I wrote a function to clean up the monetary amounts.
moneycleaner <- function(x) {
x %>%
str_replace_all("[$,]|[[:space:]]", "") %>%
# Handle $0 amounts
str_replace_all("^-$", "0") %>%
# Handle negative amounts
ifelse(str_detect(., "\\("),
paste0("-", str_replace_all(., "[()]", "")),
.) %>%
as.numeric()
}
I’m going to write inline comments about what each bit is doing to avoid a lot of repetition here as I clean up the data.
rawdata %>%
mutate(
## Count the switches between table types
TblChange = cumsum(lineItem %in%
c("REVENUE", "EXPENSE")),
## Check if row is a total line for a table
Total = str_detect(lineItem, "^TOTAL"),
## Check if row is a total based on two tables
Net = str_detect(lineItem, "^NET"),
## Work out if the row contains line items or titles
Title = b2016 == "" & b2017 == "" ,
## Use MOD2 to determine which table type a row belonged to
Type = ifelse(TblChange %% 2 == 0, "Expense", "Revenue"),
## Identify the department if the row has budget 2017
Dept = ifelse(str_detect(lineItem,"Budget 2017"),
str_replace(str_extract(lineItem, "^.+-")," -",""),
NA),
## We're only interested in actual line items
IgnoreRow=Total|Net|Title
) %>%
mutate(
## Use `zoo`s rolling functions to carry the last non-NA value forward.
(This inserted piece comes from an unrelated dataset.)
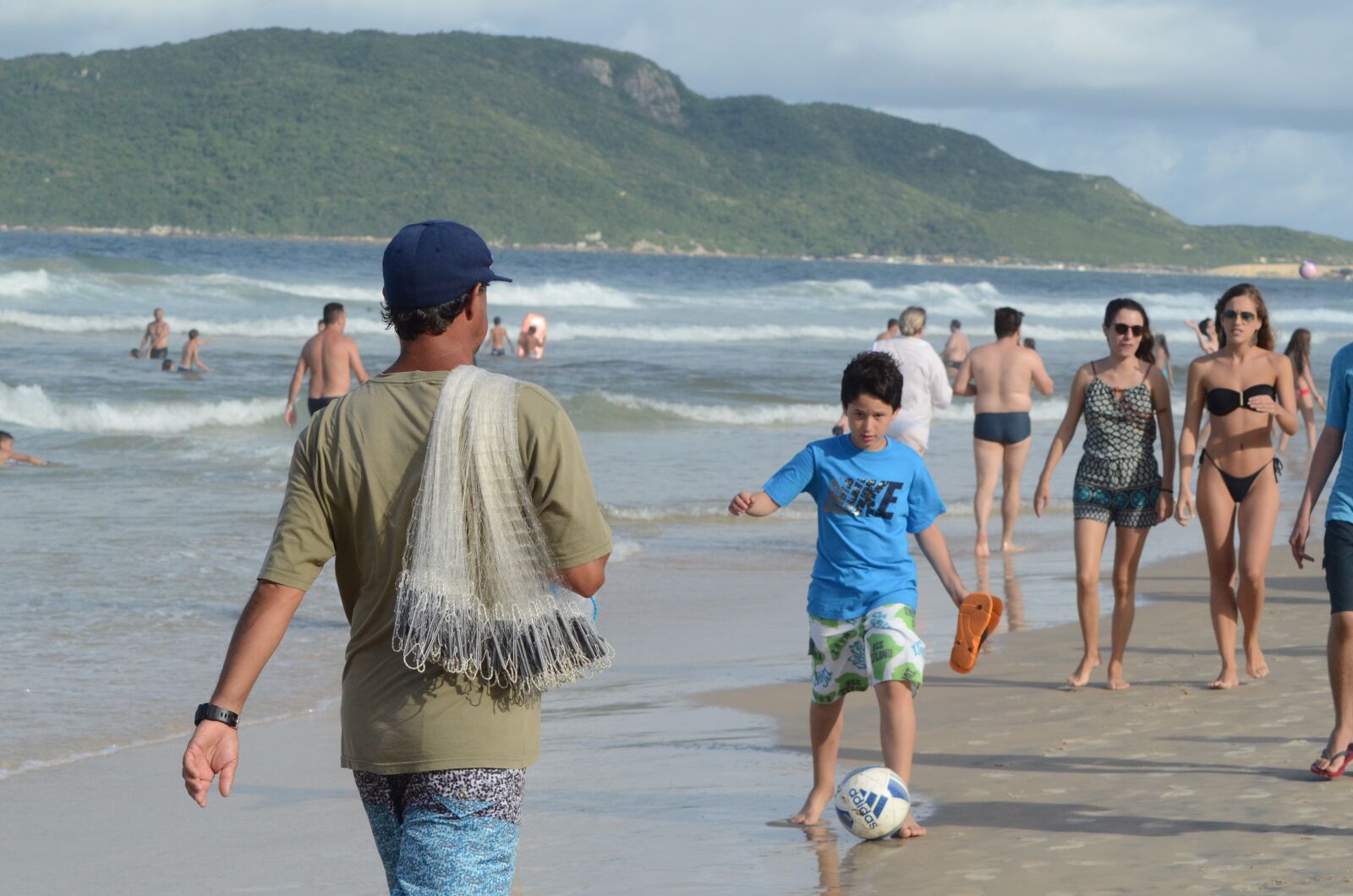 Nikon D7000 sample photo. Fisherman, beach, fishing photography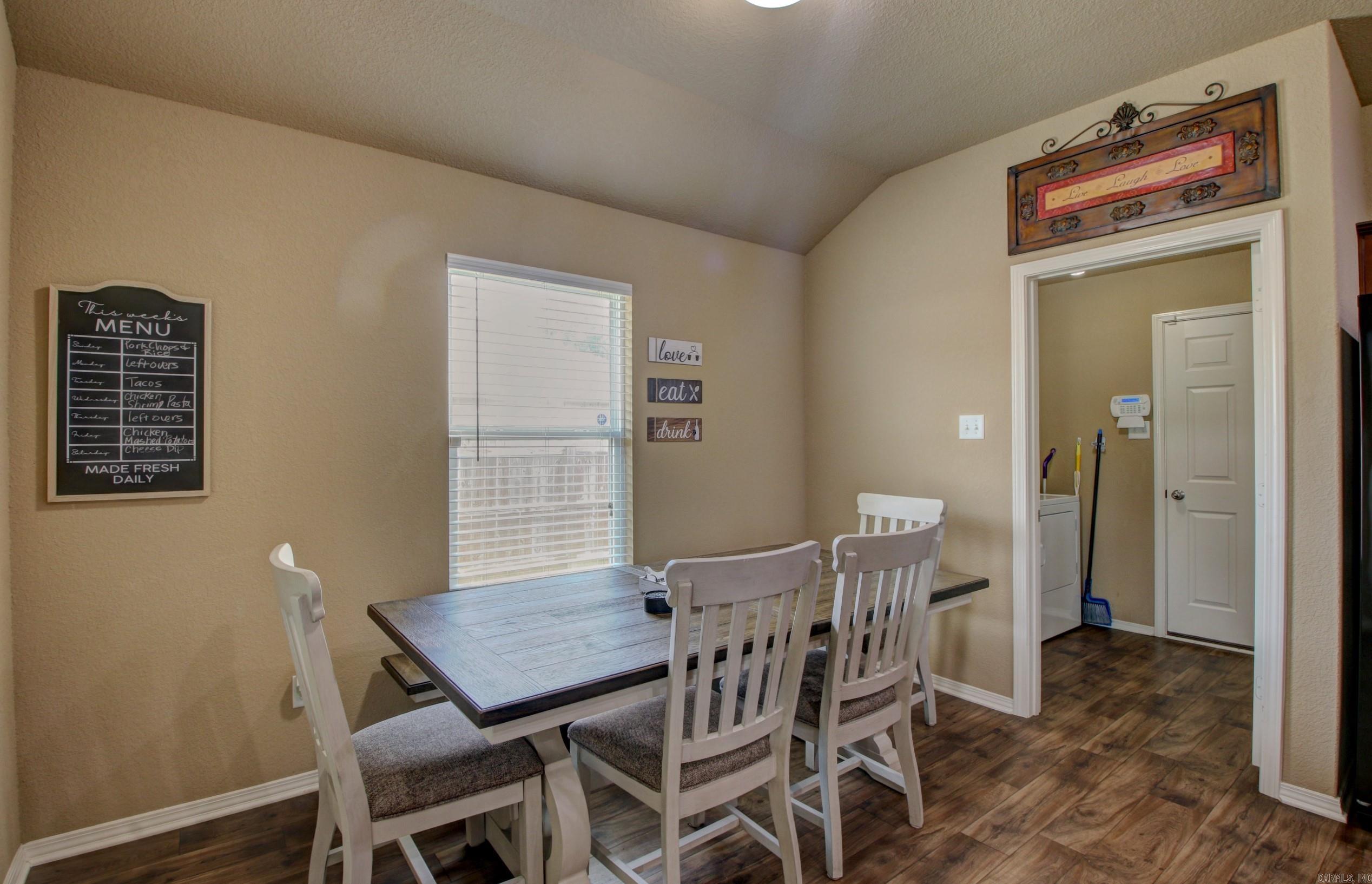 BENJAMIN GROVE - Residential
Essentially doign a fill-down between values
Dept = zoo::na.locf(Dept, na.rm = FALSE),
b2016=moneycleaner(b2016),
b2017=moneycleaner(b2017)) %>%
mutate(
## Invert the sign of expenses
b2016=ifelse(Type=="Expense",-1,1)*b2016,
b2017=ifelse(Type=="Expense",-1,1)*b2017
) ->
alldata
## Warning in function_list[[k]](value): NAs introduced by coercion
## # A tibble: 6 x 10
## lineItem b2016 b2017 TblCh~ Total Net Title Type Dept Ignor~
## <chr> <dbl> <dbl> <int> <lgl> <lgl> <lgl> <chr> <chr> <lgl>
## 1 Department Sum~ NA NA 0 F F T Expe~ <NA> T
## 2 REVENUE NA NA 1 F F T Reve~ <NA> T
## 3 Corporate Admi~ 11000 11000 1 F F F Reve~ <NA> F
## 4 Information Te~ 74000 106480 1 F F F Reve~ <NA> F
## 5 Board Support ~ 0 0 1 F F F Reve~ <NA> F
## 6 Member Service~ 6000 22500 1 F F F Reve~ <NA> F
Now we can filter to only rows we need.
alldata %>%
filter(!IgnoreRow)->
flaggeddata
We can further split this into summary tables (the first two) and the detail tables (everything after).
flaggeddata %>%
filter(TblChange <= 2) %>%
select(
## Remove extraneous rows
-(TblChange:Title ), -IgnoreRow
)->
summarydata
flaggeddata %>%
filter(TblChange > 2) %>%
select(
## Remove extraneous rows
-(TblChange:Title ), -IgnoreRow
) ->
detaildata
## # A tibble: 6 x 5
## lineItem b2016 b2017 Type Dept
## <chr> <dbl> <dbl> <chr> <chr>
## 1 Gain/Loss on Revaluation of Euro 0 0 Revenue Corporate~
## 2 Interest - Miscellaneous 11000 11000 Revenue Corporate~
## 3 Misc FY Adjustments 0 0 Revenue Corporate~
## 4 Unrealized Gain/Loss on Investments 0 0 Revenue Corporate~
## 5 Accounting - General - 3500 - 5000 Expense Corporate~
## 6 Annual Report - 37.0 - 37.0 Expense Corporate~
What’s next?
Now that the data is in a consumable format, we can now analyse the budget. That’ll be a future blog post and in the interim, you can download the budget as a CSV to give it a go yourself or improve the code above.